Nederlandse militairen zorgen in het Midden-Oosten nog voor de beveiliging van het Belgische detachement. “Ook in Irak gaan onze militairen door met het trainen van Koerdische Peshmerga-strijders en Iraakse special forces”, voegt Hennis toe. “Dat dit zijn vruchten afwerpt, blijkt uit de recente strijd om Fallujah en de druk die steeds verder wordt opgevoerd rond Mosul. ISIS is dus nog niet van ons af.”
Terreinverlies
Over de resultaten die Nederland samen met coalitiepartners boekte, is Hennis tevreden. “Sinds augustus 2014 verloor ISIS ruim 25.000 km2 gebied in Irak en meer dan 9.000 km2 in Syrië. De Nederlandse F-16’s vlogen, sinds hun bijdrage aan de luchtcampagne in oktober 2014, minimaal 2.100 missies.
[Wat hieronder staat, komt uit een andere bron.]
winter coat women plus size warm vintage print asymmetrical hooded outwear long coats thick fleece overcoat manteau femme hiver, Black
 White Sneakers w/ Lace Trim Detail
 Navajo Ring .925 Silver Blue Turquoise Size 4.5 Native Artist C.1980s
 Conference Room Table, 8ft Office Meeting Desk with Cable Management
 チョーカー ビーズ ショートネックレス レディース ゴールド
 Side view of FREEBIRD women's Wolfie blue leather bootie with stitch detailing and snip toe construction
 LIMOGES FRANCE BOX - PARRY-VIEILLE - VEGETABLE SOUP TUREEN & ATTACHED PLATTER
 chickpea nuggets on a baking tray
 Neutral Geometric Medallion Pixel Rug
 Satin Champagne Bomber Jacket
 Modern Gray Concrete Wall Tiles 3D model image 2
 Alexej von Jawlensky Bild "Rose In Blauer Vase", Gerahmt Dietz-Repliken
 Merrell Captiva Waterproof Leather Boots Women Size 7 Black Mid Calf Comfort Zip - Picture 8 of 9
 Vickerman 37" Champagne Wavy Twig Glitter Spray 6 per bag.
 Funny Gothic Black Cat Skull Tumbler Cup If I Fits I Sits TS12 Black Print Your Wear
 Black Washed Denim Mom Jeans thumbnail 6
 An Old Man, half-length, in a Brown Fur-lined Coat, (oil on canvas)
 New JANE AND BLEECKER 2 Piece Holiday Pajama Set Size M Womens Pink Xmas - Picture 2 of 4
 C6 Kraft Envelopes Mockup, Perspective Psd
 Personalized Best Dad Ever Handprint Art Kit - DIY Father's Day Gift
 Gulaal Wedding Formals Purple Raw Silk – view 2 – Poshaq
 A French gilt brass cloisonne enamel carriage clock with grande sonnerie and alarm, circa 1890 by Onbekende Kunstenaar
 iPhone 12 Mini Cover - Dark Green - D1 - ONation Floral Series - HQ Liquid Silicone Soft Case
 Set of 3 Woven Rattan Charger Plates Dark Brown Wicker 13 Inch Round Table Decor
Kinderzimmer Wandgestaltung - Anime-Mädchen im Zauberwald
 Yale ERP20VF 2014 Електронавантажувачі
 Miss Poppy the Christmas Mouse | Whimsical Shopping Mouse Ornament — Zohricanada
Daarbij zijn tenminste 1.800 keer wapens ingezet.” Dat gebeurde bijvoorbeeld bij het ondersteunen van grondtroepen in Irak tijdens hun gevechten tegen ISIS. Ook bombardeerden de luchtmachtmilitairen doelen van de terreurorganisatie, zoals wapenopslagplaatsen en brandstofdepots in Irak en Oost-Syrië.